Let $\nu_1, \dots, \nu_d$ denote the vectors of the chosen basis of $V$ that correspond to the columns of $\mathcal{M}(T)$ in which $\lambda$ appears and in the order that they appear on the basis. We can repeat the previous process and find $u_1, \dots, u_d$ such
$$\nu_1 – u_1, \dots, \nu_d – u_d \in G(\lambda, T), \tag{6}$$ where each $u_k$ is in the span of the basis vectors that come before $\nu_k$. We claim this list is linearly independent.
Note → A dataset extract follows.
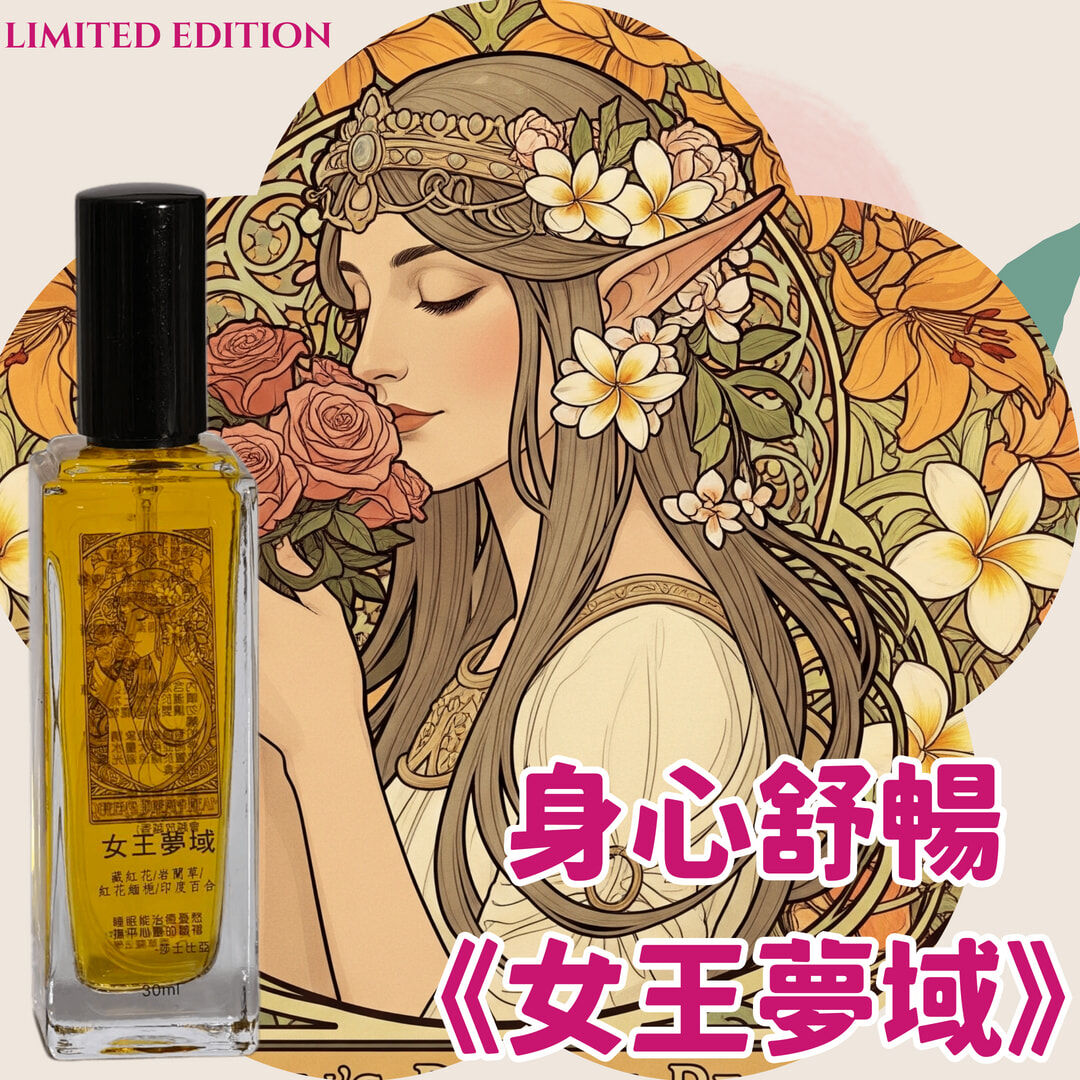 夢語五重奏｜ 身心舒暢《女王夢域》睡眠噴霧30ml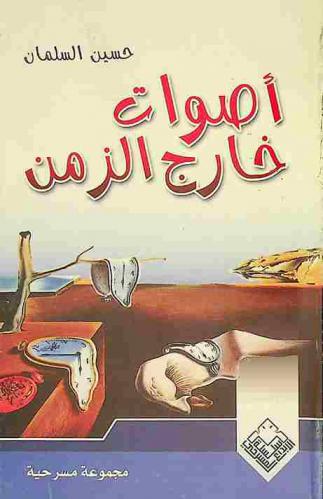 أصوات خارج الزمن : (مجموعة مسرحية)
To see this, fix $k \in \{1, \dots, d\}$. Suppose $\nu_k$ is the $j$-th basis vector, i.e. $\nu_k = v_j$. This means that
$$\operatorname{span}(\nu_1 – u_1, \dots, \nu_{k-1} – u_{k-1}) \subset \operatorname{span}(v_1, \dots, v_{j-1}).$$ Therefore, we can’t have $\nu_k – u_k \in \operatorname{span}(\nu_1 – u_1, \dots, \nu_{k-1} – u_{k-1})$, because that would imply that
$$v_j \in \operatorname{span}(v_1, \dots, v_{j-1}),$$ since $u_k \in \operatorname{span}(v_1, \dots, v_{j-1})$. This argument can be repeated for each $k$. Therefore no vector in $(6)$ is in the span of the previous ones. It follows that the list in $(6)$ is linearly independent.
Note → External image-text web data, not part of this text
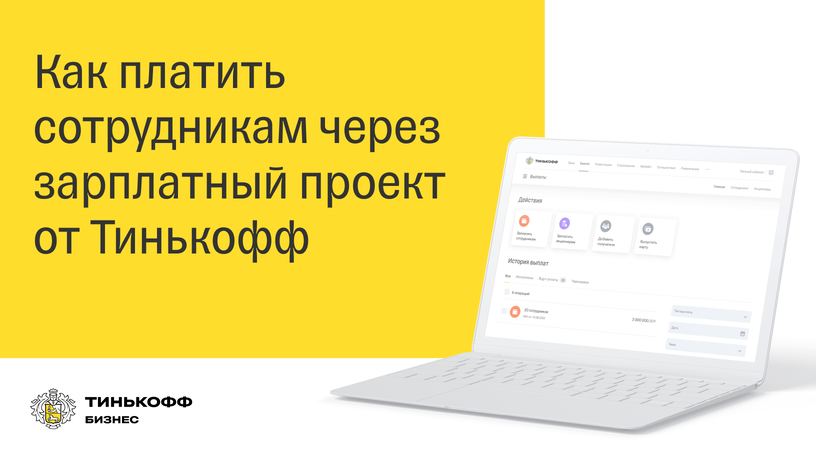 Зп проект тинькофф банк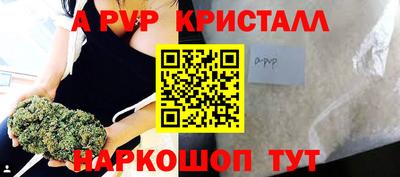 прущая мука Шебекино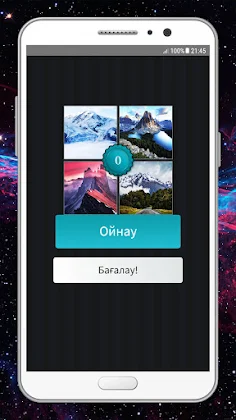 4 сурет 1 сөз Қазақша ойын - Screenshot 1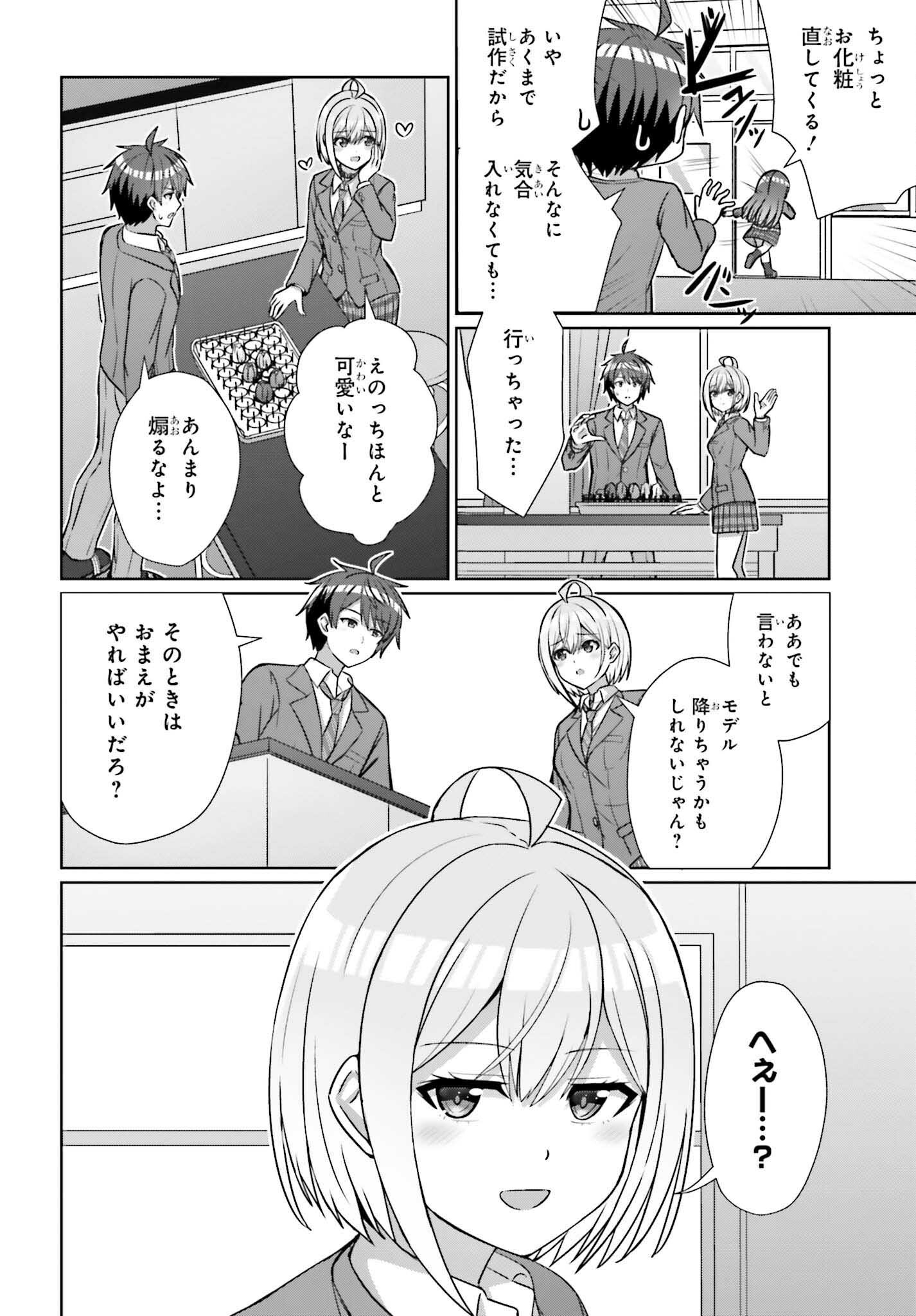 DANJO NO YUUJOU WA SEIRITSU SURU? (IYA, SHINAI!!) - raw - Chapter 18 - https://jpdd.ccdd.to/JPDD/52211205/4lfqa0kwimm.jpg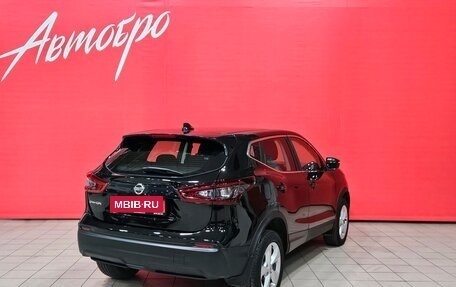 Nissan Qashqai, 2021 год, 1 745 000 рублей, 5 фотография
Hence $\operatorname{dim} G(\lambda, T) \ge d$. By 8.26, the dimension of $G(\lambda, T)$ cannot be greater $d$, because we have $\operatorname{dim} V$ diagonal entries and each one adds at least $1$ to the dimension of some generalized eigenspace. Thus $\operatorname{dim} G(\lambda, T) = d$, completing the proof.